_YOUR OBJECTIVE_:
Please restate the records below word for word, leaving out every picture.

(Captioned web image data)

##############################

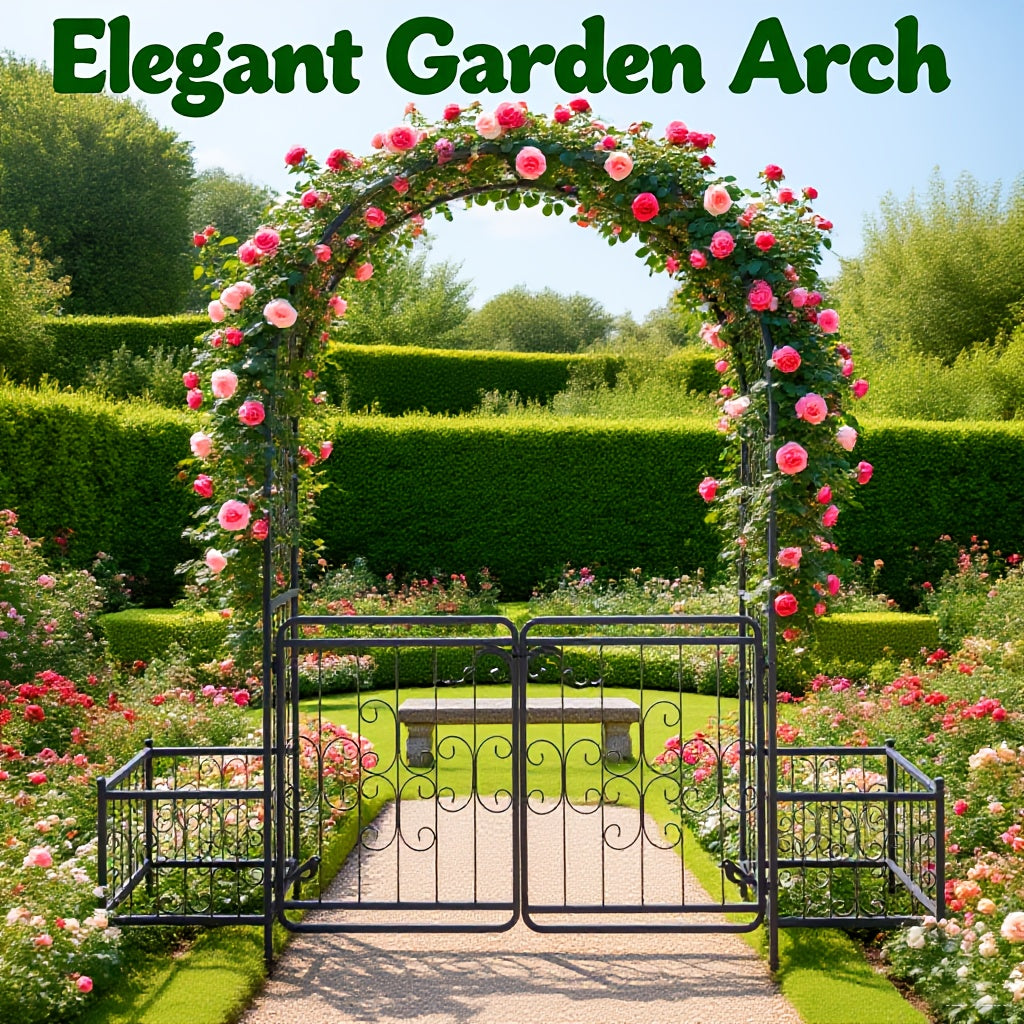 Wrought Iron Garden Arch 7ft Rose Trellis Multi-Style for Garden, Patio and Yard Use, with the Listed Configuration — image 4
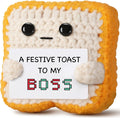 Gifts for Boss “A Festive Toast to My Boss” Handmade Crochet Toast Plush, Funny Thank You Appreciation Gift for Women Men Boss, Coworker, Manager, Supervisor, Leader – Office Christmas Decor Gift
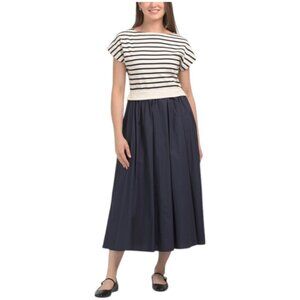 ZOE & CLAIRE Flutter Sleeve Striped Midi Dress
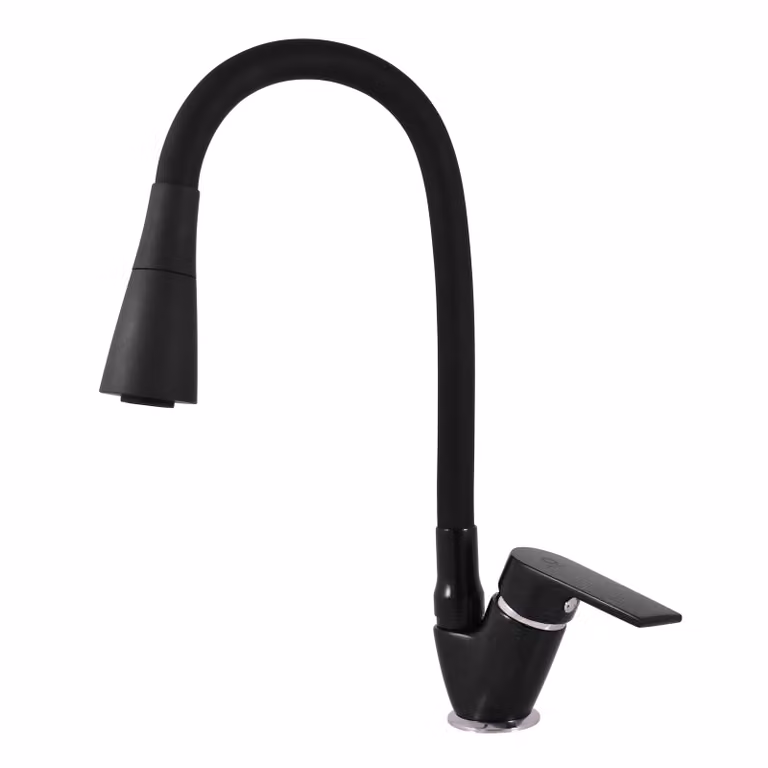 Slezák-RAV Slezák Rav Miscelatore a leva flessibile per lavabo con doccia CO106/13CMATC Colore: nero opaco/cromo, Dimensione: 3/8''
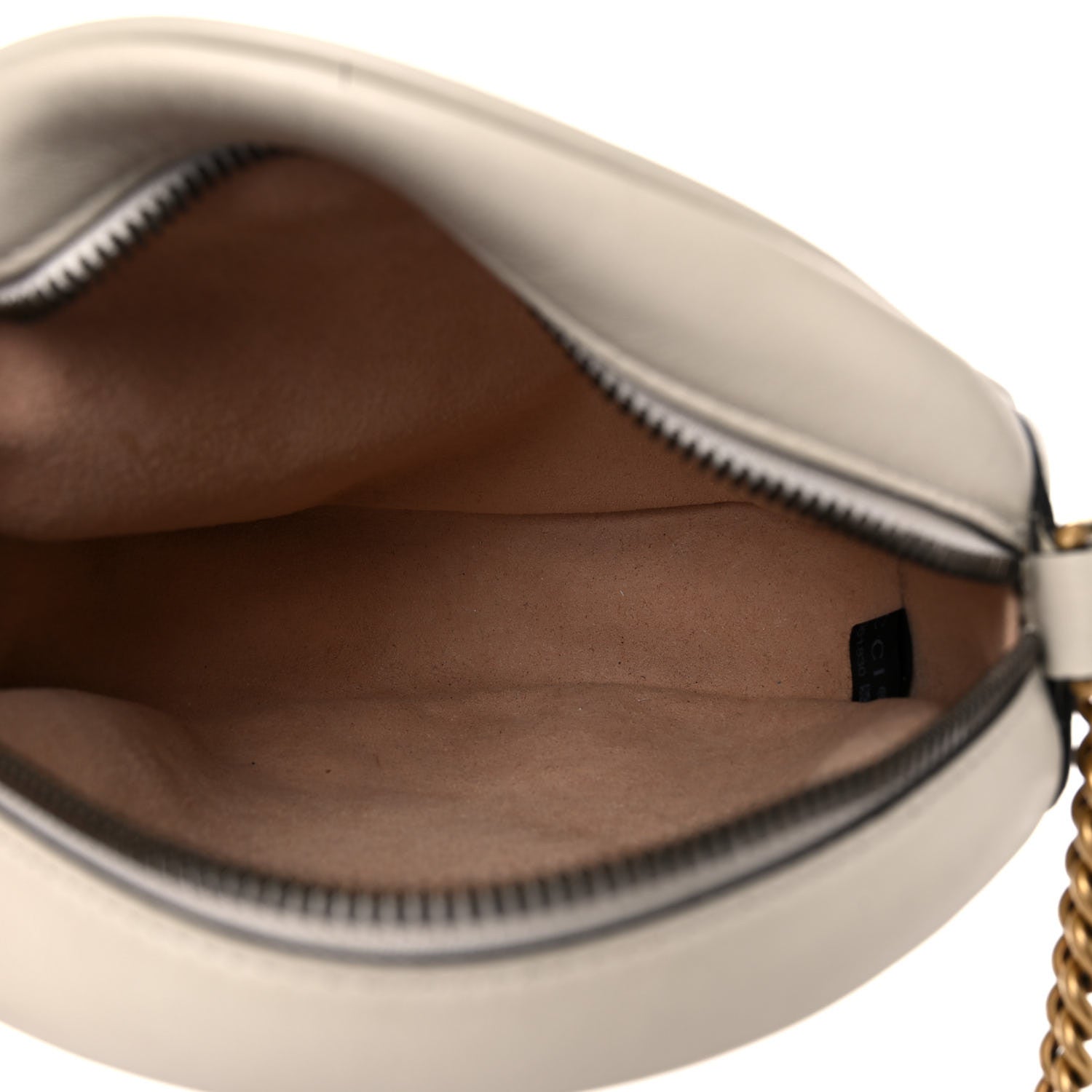 Gucci Calfskin Matelasse Mini GG Marmont Round Shoulder Bag White 5 of 14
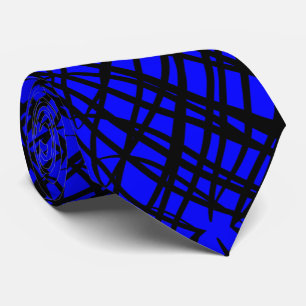 Cravate Simple Scribble   Carreaux miroir   Bleu  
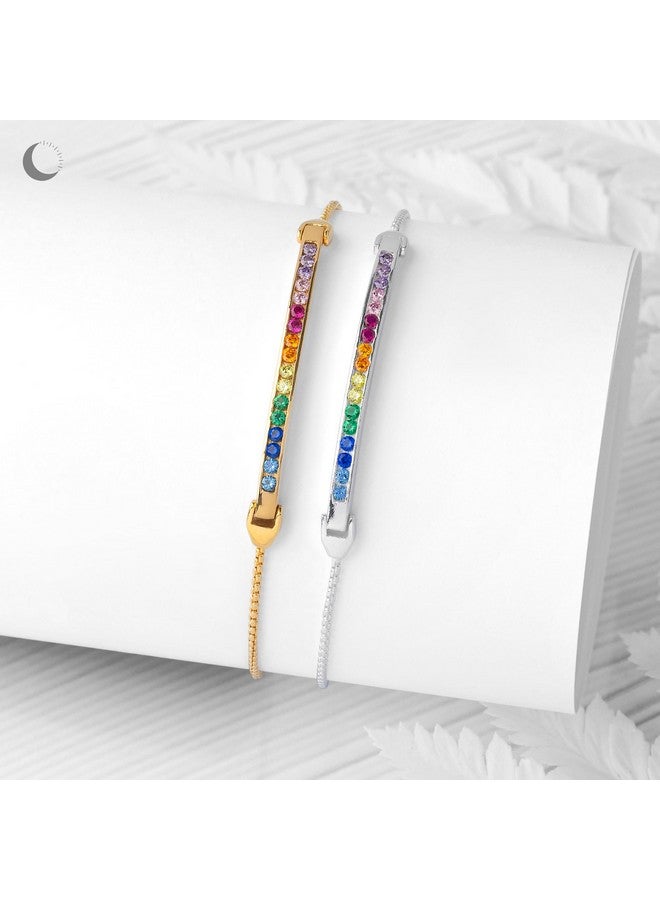 Amberta Lumini Women 925 Sterling Silver Rainbow Bracelet: Gold Colorful Tennis Bracelet - Image 4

##############################

_EXPECTED ANSWER_:
 Wrought Iron Garden Arch 7ft Rose Trellis Multi-Style for Garden, Patio and Yard Use, with the Listed Configuration — image 4
 Gifts for Boss “A Festive Toast to My Boss” Handmade Crochet Toast Plush, Funny Thank You Appreciation Gift for Women Men Boss, Coworker, Manager, Supervisor, Leader – Office Christmas Decor Gift
 ZOE & CLAIRE Flutter Sleeve Striped Midi Dress
 Slezák-RAV Slezák Rav Miscelatore a leva flessibile per lavabo con doccia CO106/13CMATC Colore: nero opaco/cromo, Dimensione: 3/8''
 Gucci Calfskin Matelasse Mini GG Marmont Round Shoulder Bag White 5 of 14
 Cravate Simple Scribble   Carreaux miroir   Bleu  
 Amberta Lumini Women 925 Sterling Silver Rainbow Bracelet: Gold Colorful Tennis Bracelet - Image 4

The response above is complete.